On kindness and decisiveness

Mike Fisher reminds us how important it is for leaders to be excellent listeners in Listen or Speak. This part particularly resonated because it’s a misconception about me that I’ve had to deal with my entire career:

Just because we speak softly doesn’t mean we act with hesitancy or indecisiveness. We can be a strong leader, setting the example, and making the tough decisions all the while communicating in a manner that keeps the conversation going and open to other people’s inputs.

I believe strongly in acting people-first as a leader, and I’ve found that when I’ve gone through interviews and/or job changes in the past there is a very common worldview that equates kindness with indecisiveness. It always takes a little while for people to realize that just because I believe we make better and more successful products when we treat each other well and truly listen to everyone’s input, it doesn’t mean I don’t know how to make decisions.

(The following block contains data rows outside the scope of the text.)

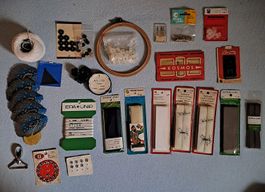 Nähutensilien, Messbänder, Stickrahmen, Gürtelschnallen.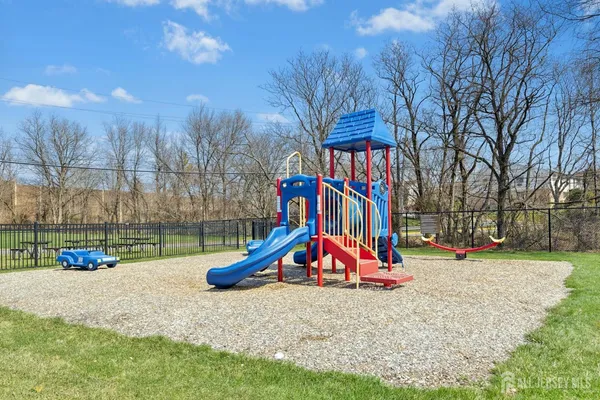 $279,900 | 324 Cricket Lane, Woodbridge, NJ 07095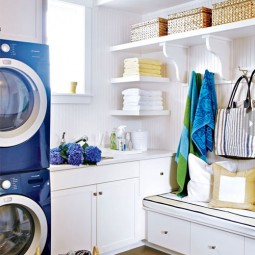 Kleine waschkueche modern einrichten mit blauen waschmaschine und teppich in weiss blauen streifen.jpg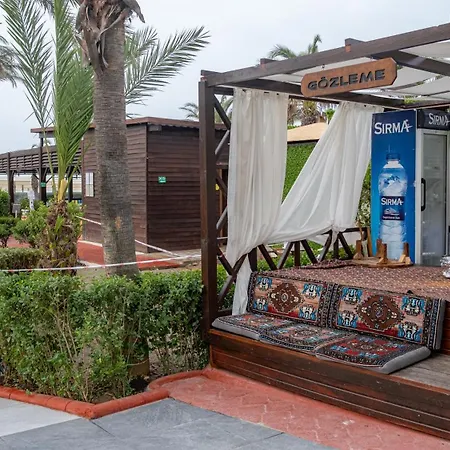 Aydinbey Famous Курортный комплекс 5*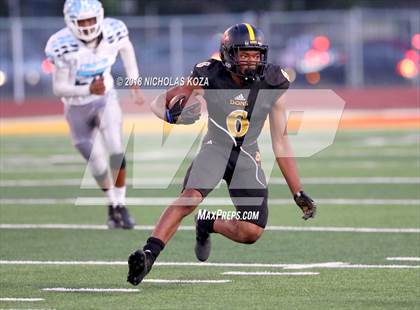 Thumbnail 1 in Compton vs. Dominguez (Hub City Bowl II) photogallery.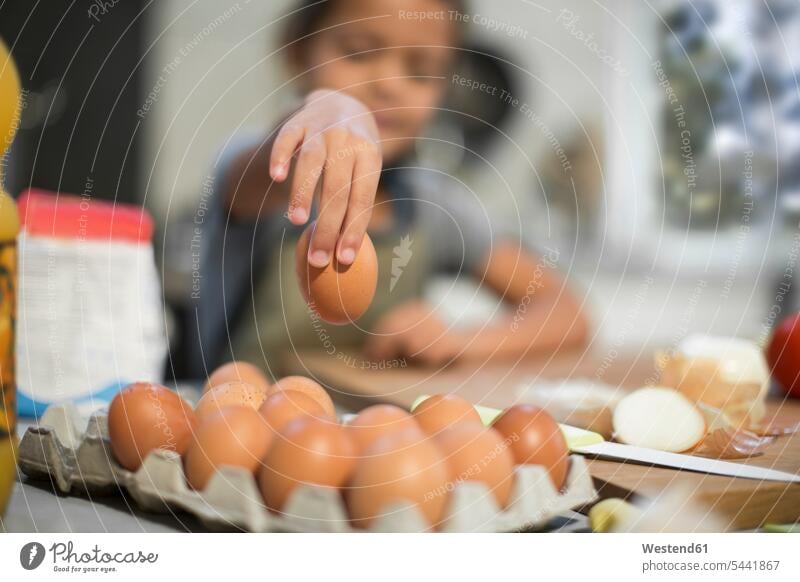 Mädchen in der Küche nimmt Ei Eier weiblich Küchen Essen Food Food and Drink Lebensmittel Essen und Trinken Nahrungsmittel Kind Kinder Kids Mensch Menschen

I haven’t quite been able to put my finger on why this misconception exists in the corporate world, but my current hypothesis is that collaboration gets confused with consensus, and there is a fear that “speaking softly” will result in a consensus culture where decisions take forever to be made. With that part—the dangers of consensus cultures—I do agree with. Consensus cultures often produce watered down, unexciting products. Products where endless rounds of give-and-take have worn down the original idea to a shadow of what it once was. Consensus cultures also wear down the teams working on the product, because no one really gets what they want, they just get some of it.

So I always try to make the point that I prefer collaboration over consensus. In collaboration cultures people understand that even though everyone gets a voice, not everyone gets to decide. People are able to voice their opinions and argue (kindly!) for how they believe things should be done. But it certainly doesn’t mean that everyone has to agree with every decision. That seems to help—so if you find yourself in a similar situation, give that framing a try!

Since this is something I have felt in my own career, it’s also something I try to be cognizant of in my dealings with those around me. Just because someone doesn’t dominate the conversation (see the “babble hypothesis”, which states that those who talk the most tend to emerge as group leaders), or refuses to engage in combative conversations, it doesn’t mean that their viewpoints and opinions are weak or invalid. In fact, the opposite is likely true.